From 472c145c7e7916f0207cc107ea6964dbc7bc6972 Mon Sep 17 00:00:00 2001
From: Lukas Schnelle <33157020+schnellecom@users.noreply.github.com>
Date: Mon, 23 Dec 2024 11:01:07 +0100
Subject: [PATCH 2/2] Update Power-Monitoring-Calibration.md

Fix the error I added in the example
---
 docs/Power-Monitoring-Calibration.md | 2 +-
 1 file changed, 1 insertion(+), 1 deletion(-)

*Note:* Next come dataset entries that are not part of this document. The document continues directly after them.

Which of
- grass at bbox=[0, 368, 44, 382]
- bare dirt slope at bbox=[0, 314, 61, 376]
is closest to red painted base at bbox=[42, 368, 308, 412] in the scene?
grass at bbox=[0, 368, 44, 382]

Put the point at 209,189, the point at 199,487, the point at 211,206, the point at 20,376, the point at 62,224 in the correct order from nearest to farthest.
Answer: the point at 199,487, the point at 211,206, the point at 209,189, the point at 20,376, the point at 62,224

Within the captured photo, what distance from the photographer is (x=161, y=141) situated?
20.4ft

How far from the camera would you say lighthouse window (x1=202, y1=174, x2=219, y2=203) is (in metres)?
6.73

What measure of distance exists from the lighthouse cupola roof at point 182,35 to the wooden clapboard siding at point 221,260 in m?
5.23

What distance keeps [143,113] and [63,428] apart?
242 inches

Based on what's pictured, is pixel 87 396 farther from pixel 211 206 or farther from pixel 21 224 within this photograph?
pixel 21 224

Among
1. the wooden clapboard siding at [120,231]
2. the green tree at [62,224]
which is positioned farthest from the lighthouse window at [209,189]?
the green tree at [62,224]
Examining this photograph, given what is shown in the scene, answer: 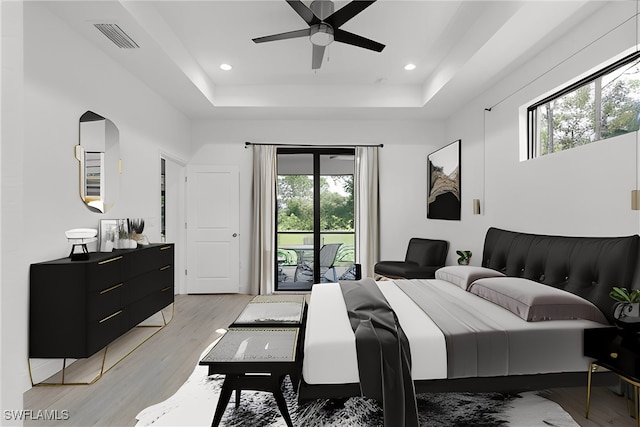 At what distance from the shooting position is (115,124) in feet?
11.0

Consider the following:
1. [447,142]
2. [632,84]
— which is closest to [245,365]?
[632,84]

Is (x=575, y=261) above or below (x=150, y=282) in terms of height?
above

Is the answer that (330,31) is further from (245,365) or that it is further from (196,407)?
(196,407)

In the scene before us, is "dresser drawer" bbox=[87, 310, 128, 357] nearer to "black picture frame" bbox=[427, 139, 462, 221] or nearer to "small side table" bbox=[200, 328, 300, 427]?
"small side table" bbox=[200, 328, 300, 427]

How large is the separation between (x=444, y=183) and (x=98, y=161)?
4274 millimetres

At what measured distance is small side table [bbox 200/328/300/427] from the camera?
5.74 ft

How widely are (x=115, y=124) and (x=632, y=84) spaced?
14.1 feet

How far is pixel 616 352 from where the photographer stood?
1.88 metres

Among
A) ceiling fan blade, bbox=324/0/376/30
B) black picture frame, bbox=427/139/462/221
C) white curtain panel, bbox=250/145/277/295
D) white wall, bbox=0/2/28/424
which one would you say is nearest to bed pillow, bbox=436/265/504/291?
black picture frame, bbox=427/139/462/221

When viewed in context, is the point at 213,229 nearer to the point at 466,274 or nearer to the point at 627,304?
the point at 466,274

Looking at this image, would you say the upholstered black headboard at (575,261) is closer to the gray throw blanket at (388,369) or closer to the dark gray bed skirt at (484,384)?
the dark gray bed skirt at (484,384)

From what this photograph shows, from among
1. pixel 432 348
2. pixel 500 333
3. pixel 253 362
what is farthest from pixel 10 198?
pixel 500 333

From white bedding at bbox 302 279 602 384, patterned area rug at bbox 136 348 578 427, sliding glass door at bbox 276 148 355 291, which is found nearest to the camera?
white bedding at bbox 302 279 602 384

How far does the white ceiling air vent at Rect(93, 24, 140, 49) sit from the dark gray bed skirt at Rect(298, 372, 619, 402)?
9.93ft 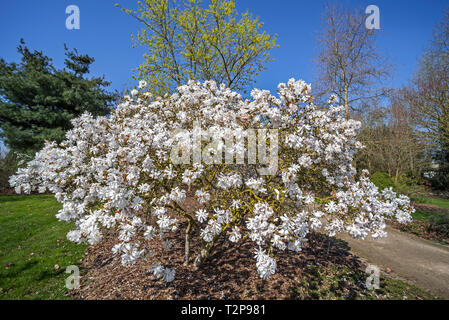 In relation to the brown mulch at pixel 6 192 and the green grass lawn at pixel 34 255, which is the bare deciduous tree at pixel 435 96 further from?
the brown mulch at pixel 6 192

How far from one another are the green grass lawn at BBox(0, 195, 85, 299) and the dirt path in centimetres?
835

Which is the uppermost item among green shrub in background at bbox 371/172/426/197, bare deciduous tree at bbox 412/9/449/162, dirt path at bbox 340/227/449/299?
bare deciduous tree at bbox 412/9/449/162

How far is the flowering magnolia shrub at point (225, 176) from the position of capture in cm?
298

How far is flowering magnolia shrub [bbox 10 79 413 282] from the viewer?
9.78 ft

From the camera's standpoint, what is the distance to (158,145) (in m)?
3.44

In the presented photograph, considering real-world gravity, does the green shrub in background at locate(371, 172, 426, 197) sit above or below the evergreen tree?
below

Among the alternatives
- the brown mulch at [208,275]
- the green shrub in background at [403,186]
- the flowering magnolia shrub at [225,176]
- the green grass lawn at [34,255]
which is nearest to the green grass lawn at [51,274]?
the green grass lawn at [34,255]

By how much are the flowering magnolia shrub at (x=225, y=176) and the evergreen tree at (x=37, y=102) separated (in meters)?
13.8

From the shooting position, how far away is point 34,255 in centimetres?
564

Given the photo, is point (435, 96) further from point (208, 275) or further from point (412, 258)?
point (208, 275)

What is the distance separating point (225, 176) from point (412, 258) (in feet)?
23.4

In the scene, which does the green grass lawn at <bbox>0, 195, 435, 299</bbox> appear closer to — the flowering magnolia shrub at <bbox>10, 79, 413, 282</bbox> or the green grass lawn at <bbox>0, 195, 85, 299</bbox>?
the green grass lawn at <bbox>0, 195, 85, 299</bbox>

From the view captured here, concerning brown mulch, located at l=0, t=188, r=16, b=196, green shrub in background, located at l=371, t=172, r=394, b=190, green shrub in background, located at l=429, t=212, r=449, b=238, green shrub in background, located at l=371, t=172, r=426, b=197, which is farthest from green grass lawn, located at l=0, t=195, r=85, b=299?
green shrub in background, located at l=371, t=172, r=394, b=190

diff --git a/docs/Power-Monitoring-Calibration.md b/docs/Power-Monitoring-Calibration.md
index becfcd7955..5b251745ca 100644
--- a/docs/Power-Monitoring-Calibration.md
+++ b/docs/Power-Monitoring-Calibration.md
@@ -49,7 +49,7 @@
 !!! example
      Consider a power usage of $60W$ at a voltage of $240V$. Then the current in milliAmps can be calculated as
      
-     $$1000 \* \frac{60}{240} = 240.0$$
+     $$1000 \* \frac{60}{240} = 250.0$$
 
 4. Confirm the validity of your calibration process checking `Power Factor` from the web UI which should be as close as possible to `1.00`. In theory resistive loads will always provide a power factor of 1.00. If that is not the case, we recommend you repeat the calibration process and make sure everything was done correctly.